**What to work on:** When you transcribe the records that follow, reproduce each line exactly as given.

##### Material supplied

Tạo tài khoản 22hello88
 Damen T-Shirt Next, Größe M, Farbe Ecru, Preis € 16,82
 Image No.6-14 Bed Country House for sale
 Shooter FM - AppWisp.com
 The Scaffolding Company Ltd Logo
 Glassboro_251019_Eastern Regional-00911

##########

**Answer area:**
Tạo tài khoản 22hello88
 Damen T-Shirt Next, Größe M, Farbe Ecru, Preis € 16,82
 Image No.6-14 Bed Country House for sale
 Shooter FM - AppWisp.com
 The Scaffolding Company Ltd Logo
 Glassboro_251019_Eastern Regional-00911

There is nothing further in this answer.